As the myopic Psychoactive Substances Bill nears being waved through Parliament and into law, the future of alkyl nitrites — or, poppers — hangs in the balance, with the proposed ban set to have devastating consequences for some men who have sex with men (MSM).
On January 20, the Bill reaches the report stage before the House of Commons, and looks set to have its third reading that day, the government seemingly intent on ignoring the many proposed amendments to the legislation.
To say the Bill overreaches and is fundamentally flawed would be an understatement; indeed, its shortcomings are numerous, so much so that it is impossible to address them all here (see this briefing for more details). The ban on poppers in particular, though, is especially concerning as there's a very real risk that outlawing these will elevate the transmission of life-threatening viruses including HIV and increase the use of "hard drug"' among MSM in the UK.

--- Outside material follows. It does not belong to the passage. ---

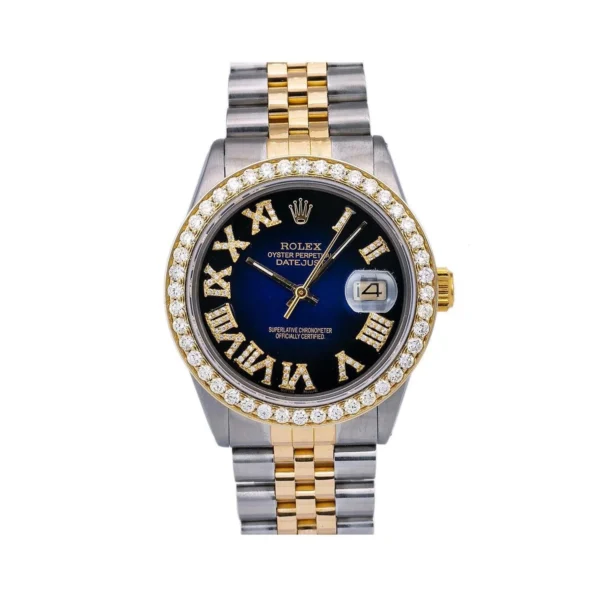 Rolex Datejust 36MM 16013 Blue Roman Diamond Dial Diamond Bezel Two Tone Yellow Gold Jubilee Bracelet 1.35ct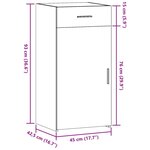vidaXL Buffet blanc 45x42 5x93 cm bois d'ingénierie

A liquid chemical inhaled to give the user a short-term "rush," poppers dilate the blood vessels around the body, allowing more blood to enter the heart. This reduces blood pressure and relaxes voluntary and involuntary muscles, which in turn produces euphoria and disinhibition.
Poppers are widely-used in the UK by men who have sex with men. According to the Gay Men's Health Collective (GMHC), a “major wholesaler sold 180,000+ bottles to the UK in 2014; and in 2013, 300 people filled in a short anonymous survey for [charity] GMFA about using drugs while having sex 70.1% [of which] reported using poppers during sex”.
Experts argue that poppers reduce the risk of sexually transmitted infections and are essential to the sexual health of some MSM. The GMHC told TalkingDrugs that the combination of lubricant and poppers, "significantly reduces potential tearing or damage to the anal canal," adding, "if poppers are banned then the likelihood of serious harm increases and transmission of HIV, Hepatitis C and other STIs".
Any rise in sexually transmitted infections would be extremely concerning because of the already high prevalence of HIV and Hepatitis C among MSM. Currently one in seventeen MSM in the UK are HIV positive rising as high as one in eight MSM in London. This demographic, approximately 2-3 percent of the population, accounted for 54 percent of new HIV diagnoses in 2013. Additionally 8.6 percent of HIV positive MSM in the UK are also suffering from Hepatitis C infection.
Although psychoactive substances like alcohol, caffeine and tobacco will be exempted under the legislation, the Conservative government has thus far refused to follow the advice of the Home Affairs Select Committee that poppers should be included in the list of exempted "traditional" drugs. A small cross-party coalition have similarly proposed an amendment prior to the report stage to exempt poppers, though the chances of that being considered look slim.
For a population already dealing with considerable stigma, the additional burden of criminalisation for a positive sexual health aid like poppers is extremely counterproductive to increasing engagement with health services and awareness of managing sexual risks.
Worryingly, increased sexual health dangers are not the only negative predicted consequences of outlawing poppers. The small-scale nature of the poppers scene means the drug is unlikely to be quickly supplied by the black market after it is banned, if at all.
Instead, people who use poppers could be drawn towards more "readily available" stimulant drugs like GHB/GBL, ecstasy, ketamine, amphetamines, and methamphetamine (crystal meth), to create the same high. “A gay man who has never considered taking anything else except poppers [would] be tempted/ introduced to a dose of GHB/GBL or ketamine to facilitate sex” GMHC said.
In contrast to drugs like GHB/GBL which notoriously have a very fine margin between euphoric high and overdose, poppers are a considered a relatively safe drug. As long as they are not ingested, poppers rarely result in long term health complications and any implication in drug-related deaths tends to be in conjuction with other drugs or related to long-term health problems.
Removing a widely-used and relatively safe substance like poppers could whip up a perfect storm; the Bill's potential impact on the MSM community is a chastening reminder of the politicisation of drug use over proven harm reduction measures.